**TASK DIRECTIONS:** Quote word for word from the line holding "this 300×420 image." to the last line below, including both, and omit any pictures.

**EXTRACTED ENTRIES:**

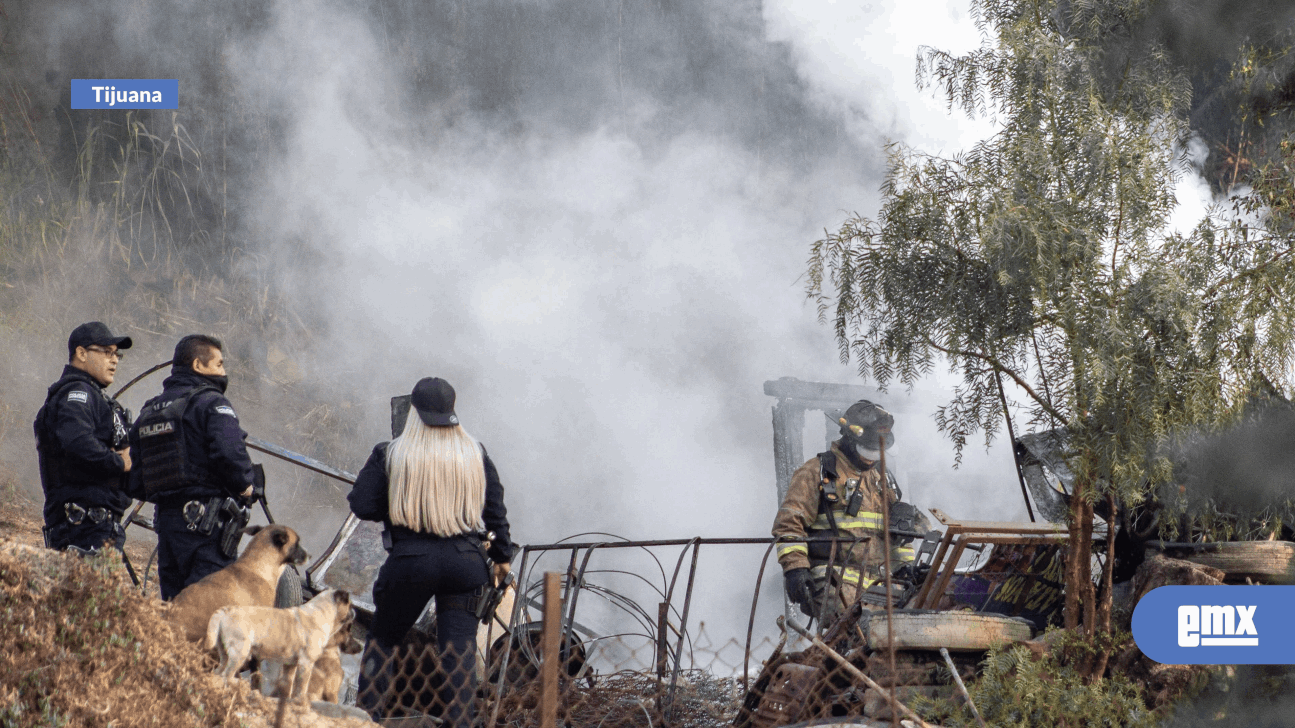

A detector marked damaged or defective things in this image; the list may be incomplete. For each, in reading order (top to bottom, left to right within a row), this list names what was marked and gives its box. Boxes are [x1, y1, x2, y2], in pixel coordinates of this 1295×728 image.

rusty metal frame [906, 505, 1067, 606]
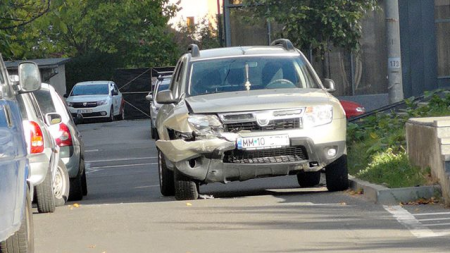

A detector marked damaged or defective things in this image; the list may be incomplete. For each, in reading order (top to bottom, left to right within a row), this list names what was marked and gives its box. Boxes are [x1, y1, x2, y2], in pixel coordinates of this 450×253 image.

damaged suv [156, 39, 350, 200]
crumpled hood [185, 88, 332, 113]
detached front bumper [156, 136, 346, 184]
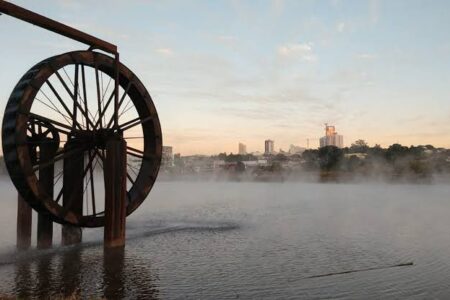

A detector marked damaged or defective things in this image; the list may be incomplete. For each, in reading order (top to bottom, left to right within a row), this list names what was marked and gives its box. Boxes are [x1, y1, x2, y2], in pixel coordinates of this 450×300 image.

rusted brown metal [0, 0, 118, 54]
rusty metal structure [0, 1, 162, 247]
rusted brown metal [103, 138, 126, 248]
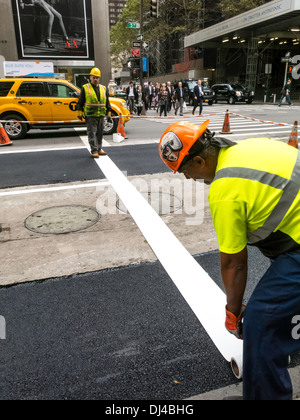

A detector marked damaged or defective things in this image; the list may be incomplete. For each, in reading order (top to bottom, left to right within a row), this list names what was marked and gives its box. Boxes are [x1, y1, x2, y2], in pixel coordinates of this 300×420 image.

fresh black asphalt patch [1, 249, 298, 400]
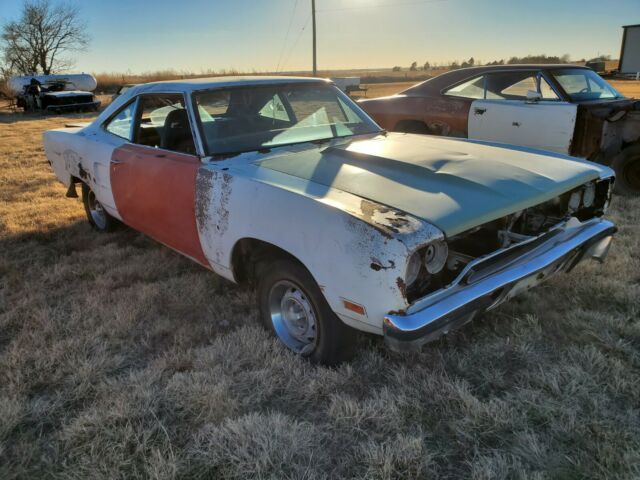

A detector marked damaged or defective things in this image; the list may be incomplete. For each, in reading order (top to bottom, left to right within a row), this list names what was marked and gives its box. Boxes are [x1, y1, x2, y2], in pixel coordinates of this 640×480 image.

rusty car body [43, 76, 616, 364]
rusty car body [360, 65, 640, 195]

**ANSWER TO THIS TASK:**
A detector marked damaged or defective things in this image; the list may be incomplete. For each, in reading order (top to bottom, left to right within a row), this list names what was marked and gives its box. Boxes are [x1, y1, x2, y2], in pixel coordinates of this 300×420 image.

fresh black asphalt patch [1, 249, 298, 400]

A detector marked damaged or defective things in this image; the list may be incomplete. For each, in reading order (top to bottom, left to right within a row), this list names what was marked and gives its box. Boxes are [x1, y1, x2, y2], in pixel coordinates of this 640×480 image.

rusty car body [43, 76, 616, 364]
rusty car body [360, 65, 640, 195]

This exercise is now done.